As you well know, many parishes have their patron saints—saints after which they were named, like St. Alban’s and St. David’s.  And as I have said before, this is a custom that originally grew out of the practice of building churches over the tombs of the martyrs.  For churches named for saints, their patronal saint days are important celebrations.  These are the days when their particular saints are commemorated, and they become days of special significance.

Well clearly, we here at Trinity do not have a particular saint for whom our church is named; but, honey, we have the whole Godhead!  That makes today a very special day for us.  Today is Trinity Sunday.  Trinity Sunday always falls on the Sunday after Pentecost and marks the conclusion of the liturgical commemorations of the life of Christ and the descent of the Holy Spirit.  It points to the fullness of the Godhead in three persons—Father, Son, and Holy Spirit.  And while we say that the Trinity is a mystery that cannot be fully comprehended, there are some things about which we can speculate.  And we just may want to take our cues for this speculation from some ancient and deep spiritual wisdom.

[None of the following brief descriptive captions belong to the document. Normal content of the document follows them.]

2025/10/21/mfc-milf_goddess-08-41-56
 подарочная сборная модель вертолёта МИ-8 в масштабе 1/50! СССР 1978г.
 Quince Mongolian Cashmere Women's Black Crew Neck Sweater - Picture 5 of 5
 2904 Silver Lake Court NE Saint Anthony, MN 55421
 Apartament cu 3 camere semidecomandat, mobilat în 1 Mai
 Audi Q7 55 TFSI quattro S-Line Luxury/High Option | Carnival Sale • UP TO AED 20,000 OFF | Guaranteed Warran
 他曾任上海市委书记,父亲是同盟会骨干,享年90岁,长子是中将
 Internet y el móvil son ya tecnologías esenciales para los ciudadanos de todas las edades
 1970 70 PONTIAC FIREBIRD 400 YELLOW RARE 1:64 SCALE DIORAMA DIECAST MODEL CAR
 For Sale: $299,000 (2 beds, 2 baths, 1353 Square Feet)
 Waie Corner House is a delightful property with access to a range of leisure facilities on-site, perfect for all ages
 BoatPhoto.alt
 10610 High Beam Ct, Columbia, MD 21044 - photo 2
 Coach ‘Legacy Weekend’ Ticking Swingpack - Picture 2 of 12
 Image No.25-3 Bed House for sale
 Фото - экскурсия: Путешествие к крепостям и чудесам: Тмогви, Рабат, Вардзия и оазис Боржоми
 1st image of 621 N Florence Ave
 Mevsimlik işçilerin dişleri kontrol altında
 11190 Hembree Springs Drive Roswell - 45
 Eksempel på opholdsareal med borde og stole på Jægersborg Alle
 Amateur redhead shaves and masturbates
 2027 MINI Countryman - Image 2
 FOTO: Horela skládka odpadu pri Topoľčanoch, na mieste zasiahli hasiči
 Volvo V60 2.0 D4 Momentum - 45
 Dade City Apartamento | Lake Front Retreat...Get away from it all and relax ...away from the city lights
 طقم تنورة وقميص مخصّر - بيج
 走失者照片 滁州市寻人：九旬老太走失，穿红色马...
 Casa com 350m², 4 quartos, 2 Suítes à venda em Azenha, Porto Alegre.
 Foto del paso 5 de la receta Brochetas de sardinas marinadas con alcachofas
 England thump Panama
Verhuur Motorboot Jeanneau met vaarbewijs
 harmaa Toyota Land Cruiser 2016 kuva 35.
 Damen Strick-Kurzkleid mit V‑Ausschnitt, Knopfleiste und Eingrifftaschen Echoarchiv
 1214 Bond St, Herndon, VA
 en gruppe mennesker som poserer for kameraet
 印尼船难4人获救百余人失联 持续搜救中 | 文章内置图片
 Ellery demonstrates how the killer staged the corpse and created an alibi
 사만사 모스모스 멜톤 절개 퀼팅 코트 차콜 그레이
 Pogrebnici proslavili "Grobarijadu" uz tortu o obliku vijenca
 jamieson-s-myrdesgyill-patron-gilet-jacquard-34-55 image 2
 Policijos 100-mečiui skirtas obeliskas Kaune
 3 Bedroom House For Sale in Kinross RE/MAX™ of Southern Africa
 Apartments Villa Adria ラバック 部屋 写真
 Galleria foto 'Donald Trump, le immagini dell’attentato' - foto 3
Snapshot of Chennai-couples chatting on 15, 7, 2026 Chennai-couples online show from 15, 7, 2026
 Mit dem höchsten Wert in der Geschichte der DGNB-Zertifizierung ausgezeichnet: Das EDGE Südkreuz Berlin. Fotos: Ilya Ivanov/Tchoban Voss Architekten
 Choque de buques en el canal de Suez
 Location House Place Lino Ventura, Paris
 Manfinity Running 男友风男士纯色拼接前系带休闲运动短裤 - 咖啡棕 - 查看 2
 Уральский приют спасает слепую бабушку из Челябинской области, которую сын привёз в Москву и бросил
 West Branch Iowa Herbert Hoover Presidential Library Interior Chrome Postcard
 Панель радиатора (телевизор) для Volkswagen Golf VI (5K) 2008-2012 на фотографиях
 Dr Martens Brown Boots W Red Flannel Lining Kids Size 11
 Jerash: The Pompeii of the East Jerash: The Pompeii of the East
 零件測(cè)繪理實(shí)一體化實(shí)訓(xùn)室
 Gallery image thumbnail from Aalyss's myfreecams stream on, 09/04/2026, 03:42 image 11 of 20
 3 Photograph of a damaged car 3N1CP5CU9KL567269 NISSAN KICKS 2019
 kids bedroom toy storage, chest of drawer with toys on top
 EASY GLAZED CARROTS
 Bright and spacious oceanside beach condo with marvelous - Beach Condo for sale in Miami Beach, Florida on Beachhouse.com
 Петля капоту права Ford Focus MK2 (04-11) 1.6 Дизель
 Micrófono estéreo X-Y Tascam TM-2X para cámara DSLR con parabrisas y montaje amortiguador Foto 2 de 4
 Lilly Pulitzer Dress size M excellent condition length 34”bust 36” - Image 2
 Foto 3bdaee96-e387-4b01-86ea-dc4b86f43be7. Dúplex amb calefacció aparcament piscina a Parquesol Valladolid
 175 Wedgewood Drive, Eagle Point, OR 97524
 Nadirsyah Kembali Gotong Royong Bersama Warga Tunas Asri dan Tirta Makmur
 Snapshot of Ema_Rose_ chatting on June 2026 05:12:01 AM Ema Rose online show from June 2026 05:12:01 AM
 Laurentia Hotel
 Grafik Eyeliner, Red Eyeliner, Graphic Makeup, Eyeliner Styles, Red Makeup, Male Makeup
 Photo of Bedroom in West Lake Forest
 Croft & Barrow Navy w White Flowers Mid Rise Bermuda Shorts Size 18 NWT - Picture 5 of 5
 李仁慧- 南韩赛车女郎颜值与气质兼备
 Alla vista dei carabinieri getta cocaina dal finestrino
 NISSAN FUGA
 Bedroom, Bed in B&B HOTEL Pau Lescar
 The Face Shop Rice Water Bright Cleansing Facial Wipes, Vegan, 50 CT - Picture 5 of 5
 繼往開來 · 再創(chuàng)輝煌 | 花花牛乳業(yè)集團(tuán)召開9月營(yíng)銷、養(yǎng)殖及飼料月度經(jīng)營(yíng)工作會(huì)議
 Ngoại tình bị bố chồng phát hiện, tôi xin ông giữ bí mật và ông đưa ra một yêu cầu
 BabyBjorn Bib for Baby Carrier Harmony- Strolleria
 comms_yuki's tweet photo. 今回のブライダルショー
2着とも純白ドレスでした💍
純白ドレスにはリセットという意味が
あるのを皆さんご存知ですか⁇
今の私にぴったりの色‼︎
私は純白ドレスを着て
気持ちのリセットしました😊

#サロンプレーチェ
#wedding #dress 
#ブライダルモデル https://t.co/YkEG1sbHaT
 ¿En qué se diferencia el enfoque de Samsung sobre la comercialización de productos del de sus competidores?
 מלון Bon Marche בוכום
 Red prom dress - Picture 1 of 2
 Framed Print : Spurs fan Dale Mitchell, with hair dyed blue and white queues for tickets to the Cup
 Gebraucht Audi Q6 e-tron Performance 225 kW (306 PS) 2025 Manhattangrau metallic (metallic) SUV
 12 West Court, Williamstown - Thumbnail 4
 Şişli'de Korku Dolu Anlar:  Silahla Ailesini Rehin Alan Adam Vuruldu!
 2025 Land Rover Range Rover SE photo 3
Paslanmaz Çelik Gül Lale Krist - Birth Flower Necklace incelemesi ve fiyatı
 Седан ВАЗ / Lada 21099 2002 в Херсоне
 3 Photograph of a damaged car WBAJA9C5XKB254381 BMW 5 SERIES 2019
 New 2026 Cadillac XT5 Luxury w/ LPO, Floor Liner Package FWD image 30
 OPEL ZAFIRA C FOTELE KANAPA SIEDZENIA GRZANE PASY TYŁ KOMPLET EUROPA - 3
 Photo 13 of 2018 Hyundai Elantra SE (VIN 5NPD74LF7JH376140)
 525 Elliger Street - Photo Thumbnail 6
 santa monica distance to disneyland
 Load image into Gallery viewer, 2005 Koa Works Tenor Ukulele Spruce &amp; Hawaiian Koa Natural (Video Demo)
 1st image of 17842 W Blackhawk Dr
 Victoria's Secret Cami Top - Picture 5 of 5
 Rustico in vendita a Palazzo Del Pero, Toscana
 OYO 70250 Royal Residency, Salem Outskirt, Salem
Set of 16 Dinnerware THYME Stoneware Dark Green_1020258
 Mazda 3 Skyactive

In the fourth century in Cappadocia –which is the territory that occupies the present day Turkey—there arose a great contemplative wisdom school led by three of the giants of our spiritual tradition—Basil of Caesarea, Gregory of Nyssa, and Gregory of Nazianzus.   Moving beyond just their minds and opening their hearts, they touched the power of the archetype of the Trinity.

Now I think it’s safe to say that the religious leaders who initially pounded out the theological concept of the Trinity earlier in that century and put it into the creeds were probably more concerned about political expediencies and organizational uniformity than they were moved by any kind of spiritual motivation.  Nevertheless, these Cappadocian Fathers looked more deeply than the need to bring uniformity to the Christian belief system.  In fact, they looked more deeply than the individual persons of the Trinity—Father, Son, and Holy Spirit—and they intuited in the relationship among the three the flow of loving energy that was shared one to another.  Not only did they find the code that pointed to the mystery of God, but they also found life’s very pattern.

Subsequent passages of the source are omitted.